The line between containers and enterprise storage is narrowing. Portworx wants to further bridge the gap with its converged PX-Enterprise architecture that combines scale-out persistent block storage and container-level data protection.
Rather than Docker plug-ins, PX-Enterprise uses a more agile approach to provisioning and managing capacity. The thin software-defined storage infrastructure is geared to operational teams that deploy stateful applications in Docker and other container platforms.
Customers can purchase Portworx as a cloud deployment for Amazon Elastic Compute Cloud or an on-premises installation with clustered Linux-based x86 servers.
PX-Enterprise creates a logical pool of capacity from direct-attached block storage, NFS mounts or external storage arrays. The virtual storage is presented to users as a block device.
Using Portworx requires an enterprise to install PX-Enterprise on each node in a cluster. The Redwood City, Calif., data storage startup claims its containers deploy within seconds and burst to hundreds of containers per node.
The container software treats infrastructure as code to enable self-service provisioning. When a user requests an application, Portworx translates the encoded application requirements and places the container on the appropriate node. There is no need to write custom script.
By sitting in the data path, PX-Enterprise keeps tabs on disk and flash performance, balancing it against application requirements. The software exposes recommended storage tiers for moving data to ensure consistent performance.

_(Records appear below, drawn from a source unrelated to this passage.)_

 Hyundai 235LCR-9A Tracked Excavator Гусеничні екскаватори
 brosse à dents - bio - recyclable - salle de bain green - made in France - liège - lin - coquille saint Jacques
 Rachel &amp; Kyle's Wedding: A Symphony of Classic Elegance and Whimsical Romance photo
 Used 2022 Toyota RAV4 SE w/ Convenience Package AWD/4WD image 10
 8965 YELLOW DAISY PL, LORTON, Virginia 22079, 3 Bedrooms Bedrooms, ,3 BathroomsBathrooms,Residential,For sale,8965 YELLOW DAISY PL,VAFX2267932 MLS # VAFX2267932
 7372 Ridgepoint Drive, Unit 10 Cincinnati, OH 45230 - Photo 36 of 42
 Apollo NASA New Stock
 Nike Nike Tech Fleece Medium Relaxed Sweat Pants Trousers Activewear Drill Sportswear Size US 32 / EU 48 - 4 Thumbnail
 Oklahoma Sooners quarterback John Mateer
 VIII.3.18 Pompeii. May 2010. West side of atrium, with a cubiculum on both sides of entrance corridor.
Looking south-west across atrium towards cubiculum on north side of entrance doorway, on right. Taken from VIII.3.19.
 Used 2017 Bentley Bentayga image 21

Rather than externally mounted storage, Portworx provides persistent storage via Docker graph drivers. PX-Enterprise retains whichever file system a Docker container may be using, providing access to underlying block storage mounts.
The vendor claims its architecture enables containers to be portable between different nodes. Scale-out block storage provides high availability. An orchestration and scheduling layer manages container-level replication and snapshots.
The Portworx founders are not strangers to enterprise storage. CEO Murli Thirumale and CTO Gou Rao founded compression and deduplication vendor Ocarina Networks, which Dell acquired in 2010 and integrated across its storage platform.